Prove that there are only finite numbers satisfying this equation:

Question

Coincidentally, I realized that my room number $(23)$ has the following property:

$$2^3+1=3^2$$

In order to find more numbers $n$ exhibiting this property, I wrote the following equation: $$(n-1)^n+1=n^{n-1}$$

Now, I realized that for $n>3$, where $n$ is an integer, the LHS becomes greater than the RHS and therefore if one shows that for $n>3$ the following inequality holds, it would prove that there are not infinite numbers that show this property.

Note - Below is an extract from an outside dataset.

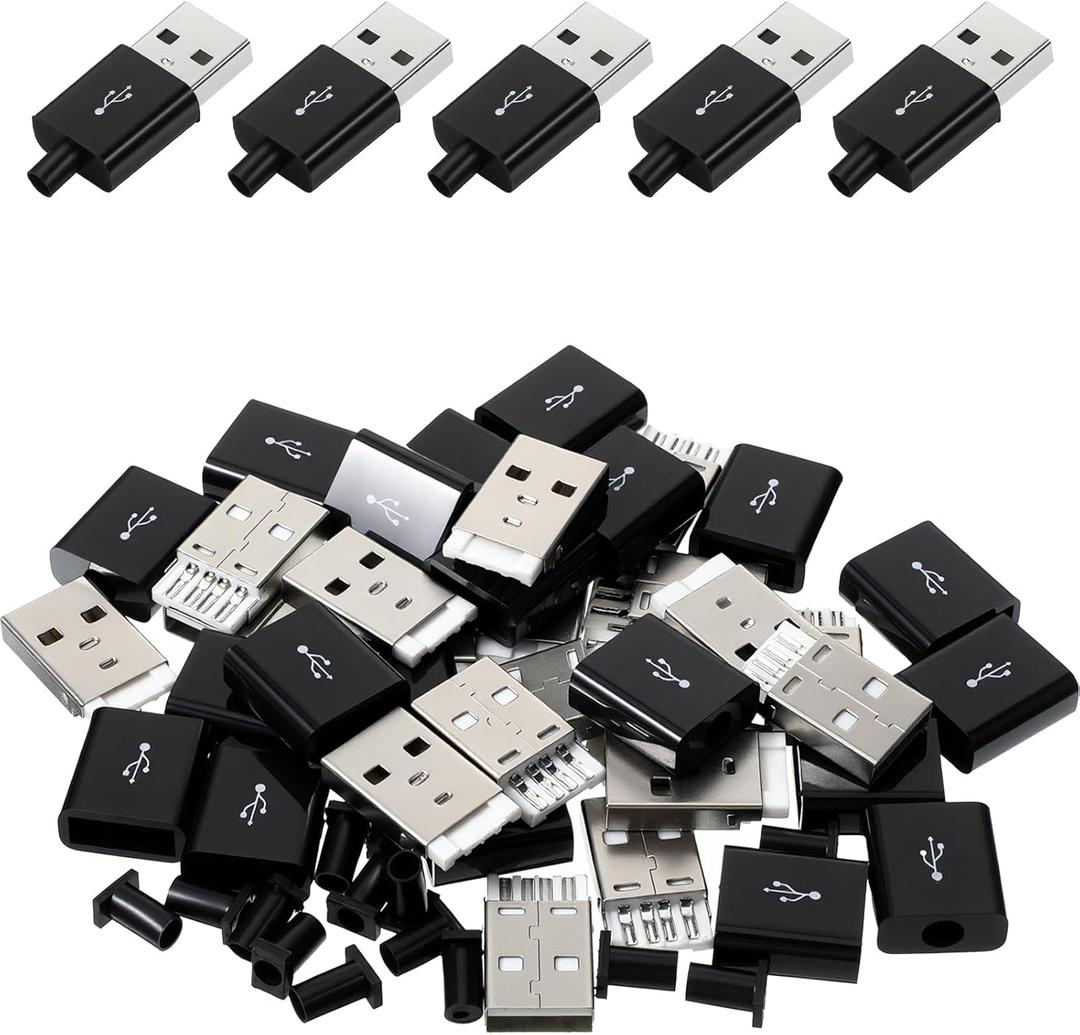 20 Sets USB Connectors USB Repair Kit USB-2.0 Male Solder Socket Type USB-Type a 4 Pin Male Connector Plug Replacement with Black Cover for Wire Repair Charger Power DIY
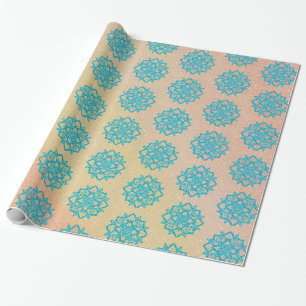Turquoise Glitter Mandala Wrapping Paper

Inequality: $(n-1)^n+1>n^{n-1}$

I am still a beginner in Inequalities and would, therefore, like to see as to how should one proceed further with this argument.

Answer 1

$(n-1)^n+1\gt n^{n-1}$ can be rewritten as

$$\left(1-{1\over n}\right)^n\gt{1\over n}-{1\over n^n}$$

Does the left hand side look familiar?

Answer 2

There is no other solution than that which is given; first observe that $n$ must be odd otherwise the $+1$ will not cancel, expanding as binomial; $[-1+n(n-1)/2-...+n^n +1]=n^{n-1}$ from here you notice that for the equation to hold for any odd $n>3$, then $n|n-1$, which is obviously false.